One of the things we have to be very sensitive about when writing rules for our CloudProxy Website Firewall is to never block any major search engine bot (ie., Google, Bing, Yahoo, etc..).
To date, we’ve been pretty good about this, but every now and then you come across unique scenarios like the one in this post, that make you scratch your head and think, what if a legitimate search engine bot was being used to attack the site? Should we still allow the attack to go through?
This is exactly what happened a few days ago on a client site; we began blocking certain Google’s IP addresses requests because they were in fact SQL injection attacks. Yes, Google bots were actually attacking a website.
It all started when we saw a real Google IP address being blocked as a SQL injection. This is what the audit logs showed (slightly modified the protect the innocent):
18.104.22.168 - - [05/Nov/2013:00:28:40 -0500] "GET /url.php?variable=")%20declare%20@q% 20varchar(8000(%20select%20@q%20=%200x527%20exec(@q)%20-- HTTP/1.1" 403 4439 "-" "Mozilla/5.0 (compatible; Googlebot/2.1; +http://www.google.com/bot.html)"
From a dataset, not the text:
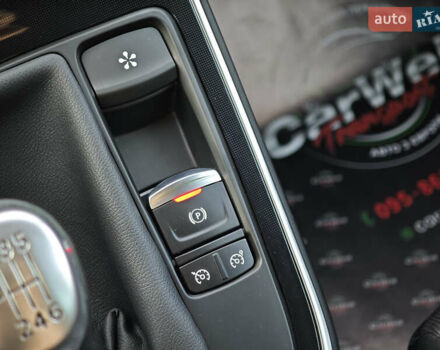 Белый Рено Гранд Сценик, объемом двигателя 1.7 л и пробегом 170 тыс. км за 17999 $, фото 41 на Automoto.ua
Our first thought was that it was a fake Google bot, but when inspecting the IP we found that it wasn’t, it was a real Google bot:
$ host 22.214.171.124 126.96.36.199.in-addr.arpa domain name pointer crawl-66-249-66-138.googlebot.com. NetRange: 188.8.131.52 - 184.108.40.206 CIDR: 220.127.116.11/19 OriginAS: NetName: GOOGLE
Further investigation showed other similar request signatures all coming from Google IP addresses.
What is going on?
It seems that while Google has no real interest in hacking you (far from it), their automated bots can be used to do the heavy lifting for an attacker.
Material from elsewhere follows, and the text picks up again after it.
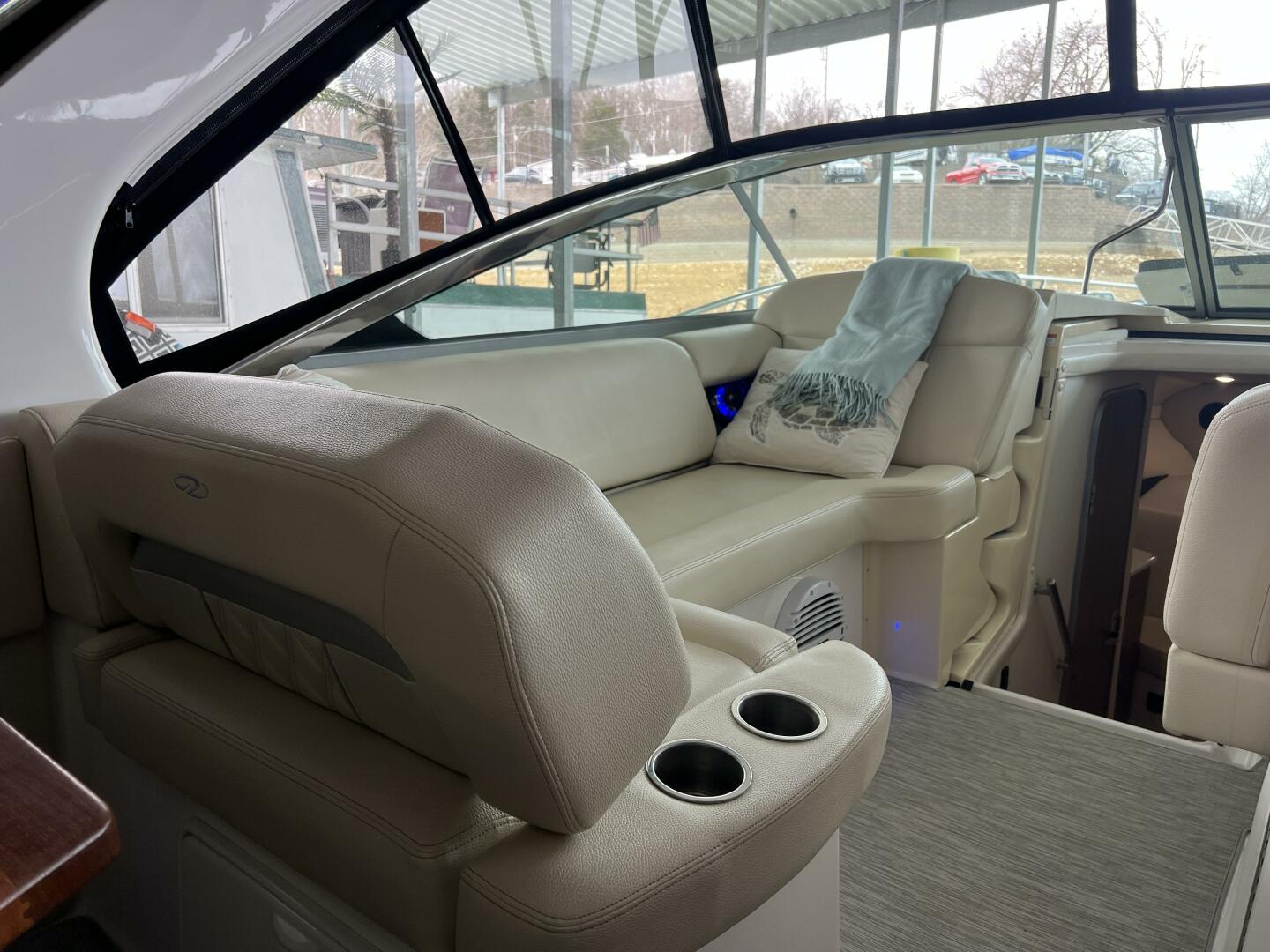 2019 Regal - Image 13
In this scenario, the bot was crawling Site A. Site A had a number of links embedded that had the SQLi requests to the target site, Site B. Google Bot then went about its business crawling pages and following links like a good boy, and in the process followed the links on Site A to Site B, and began to inadvertently attack Site B. It’s hard to say if it’s something we hadn’t seen, or maybe it’s just something we hadn’t really paid much attention to, but it makes you really think…
Can someone create fake links with malicious keywords and have bots follow them and run malicious strings on another website?
Stealth Attacks Using Bots5>
Let’s assume we have an attacker, his name is John. John is your everyday hacker, he spends his day crawling the web looking for new vulnerabilities. In the process, he finds a number of vulnerable sites or web servers, ripe for the picking. John though, is not your average hacker, he is very aware of the forensics process, and knows that to be a successful hacker, you must cover your tracks.
As a forensics analyst, one of the first things we look at is the logs. John knows this. What if John does enough to find the vulnerability passively, allowing him to go unnoticed? John now has a list of possible weaknesses, one being an SQLi or RFI vulnerability on Site B.
John goes to his site, Site A, he adds all this awesome content about kittens and cupcakes, but in the process he adds a number of what appear to be benign links that are unsuspecting to the user reading, but very effective to the bot crawling the site. Those links are riddled with RFI and SQLi attacks that allow John to plead ignorance, also allowing him to stay two arms lengths away from Site B. This doesn’t mean he can’t verify success, it just means he doesn’t open himself to early detection by more active scanning and attacks.
Maybe this is just conjecture, but then again, maybe it’s not.. Thoughts?
Another possibility is that if a site is running a WAF (or IDS) that does protect against SQL injection attacks and the attacker can’t get through. But what if the Google’s IP address is white listed? That allows an easy bypass for the bad guy.
We are contacting Google about it, but it is always something important to keep in the back of your mind. You can’t just whitelist their IP, and allow through without any type of inspection.